### Exercise objective
All entries below must be written out verbatim, and the images must be dropped.

### The records
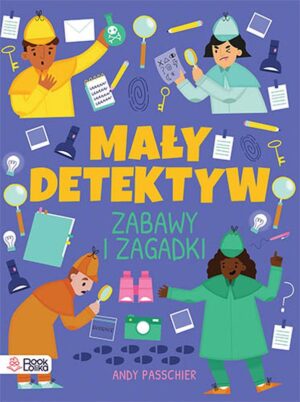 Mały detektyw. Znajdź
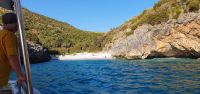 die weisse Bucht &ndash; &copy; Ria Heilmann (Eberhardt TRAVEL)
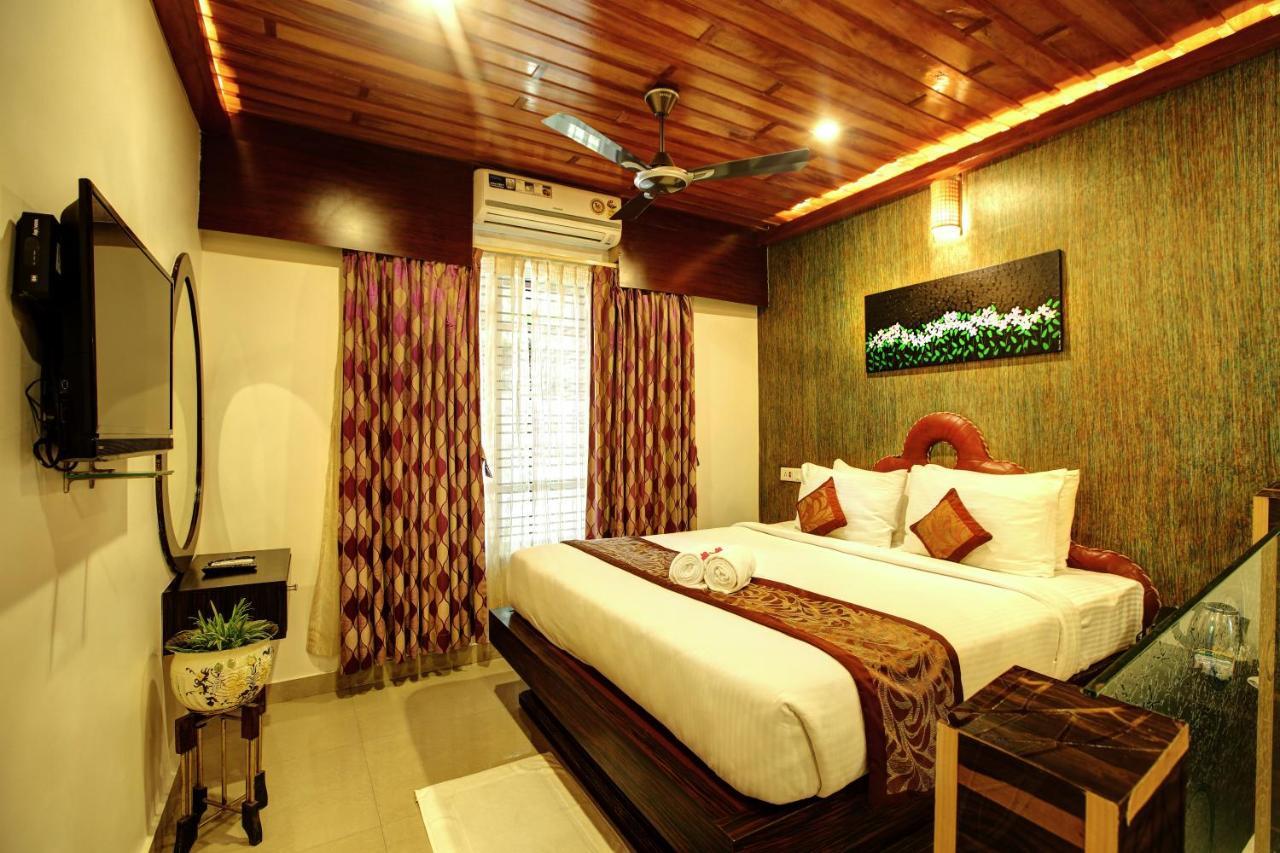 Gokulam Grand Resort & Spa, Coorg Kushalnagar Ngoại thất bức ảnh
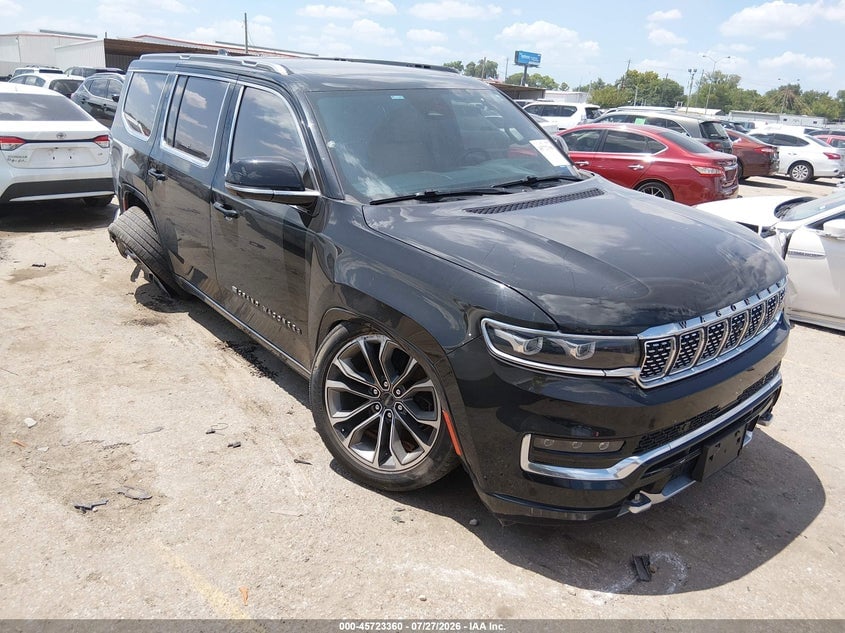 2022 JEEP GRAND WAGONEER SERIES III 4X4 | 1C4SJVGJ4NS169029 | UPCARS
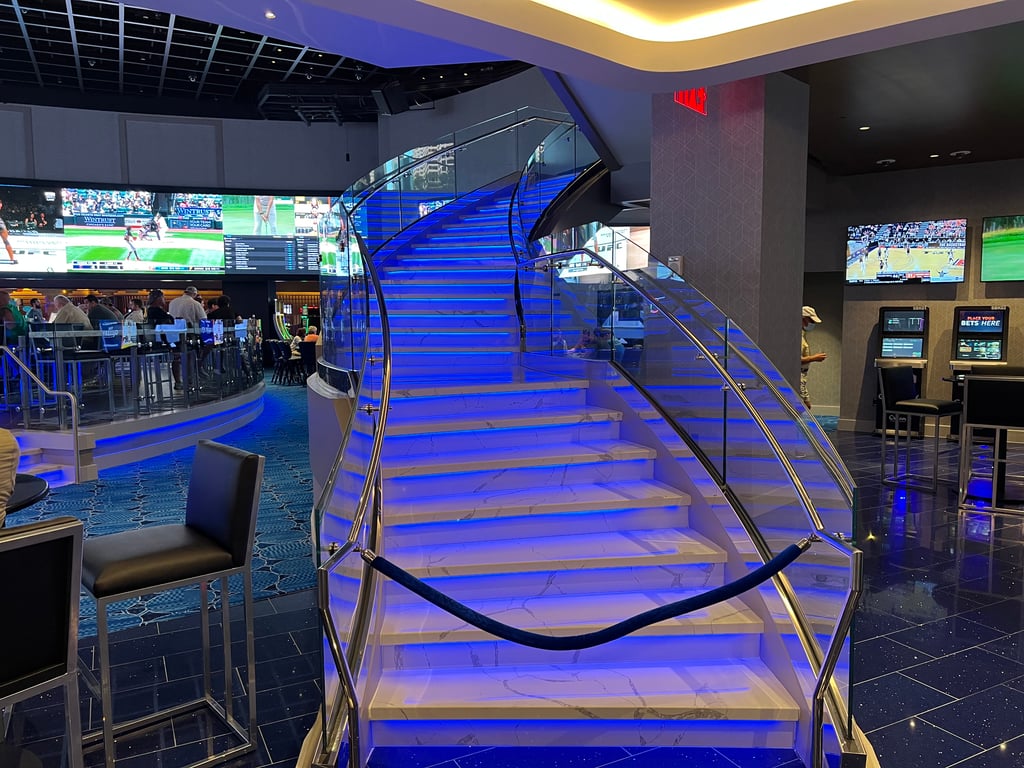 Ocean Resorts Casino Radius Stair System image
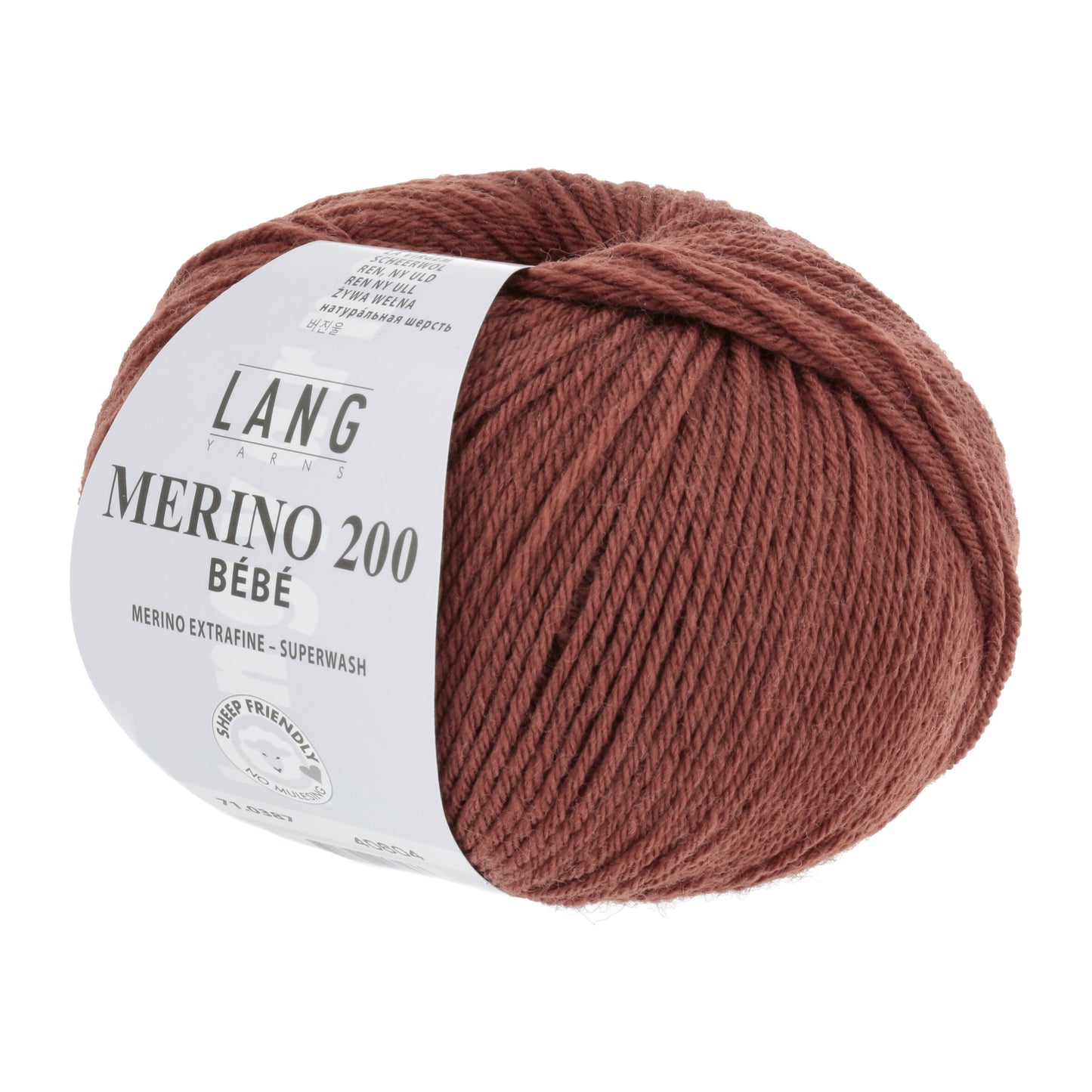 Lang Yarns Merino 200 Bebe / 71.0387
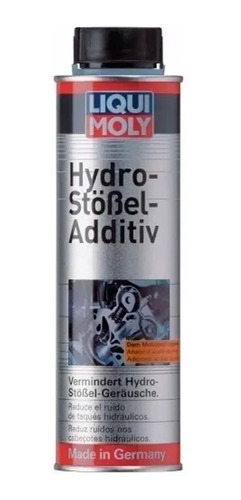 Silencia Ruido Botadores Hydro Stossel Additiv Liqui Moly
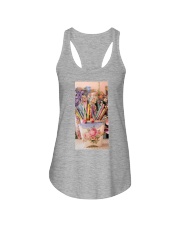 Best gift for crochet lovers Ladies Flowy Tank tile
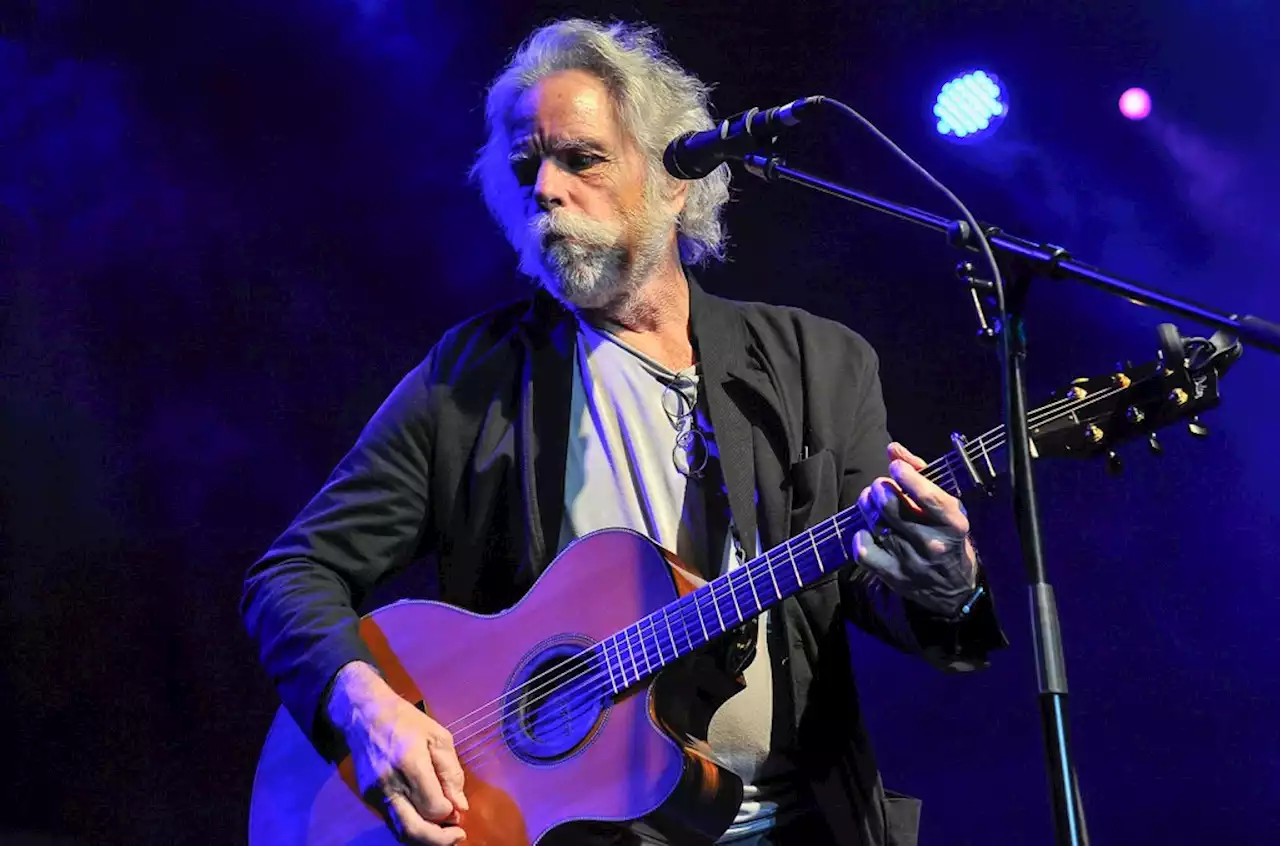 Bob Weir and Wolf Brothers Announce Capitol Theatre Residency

### Final answer
 Mały detektyw. Znajdź
 die weisse Bucht &ndash; &copy; Ria Heilmann (Eberhardt TRAVEL)
 Gokulam Grand Resort & Spa, Coorg Kushalnagar Ngoại thất bức ảnh
 2022 JEEP GRAND WAGONEER SERIES III 4X4 | 1C4SJVGJ4NS169029 | UPCARS
 Ocean Resorts Casino Radius Stair System image
 Lang Yarns Merino 200 Bebe / 71.0387
 Silencia Ruido Botadores Hydro Stossel Additiv Liqui Moly
 Best gift for crochet lovers Ladies Flowy Tank tile
 Bob Weir and Wolf Brothers Announce Capitol Theatre Residency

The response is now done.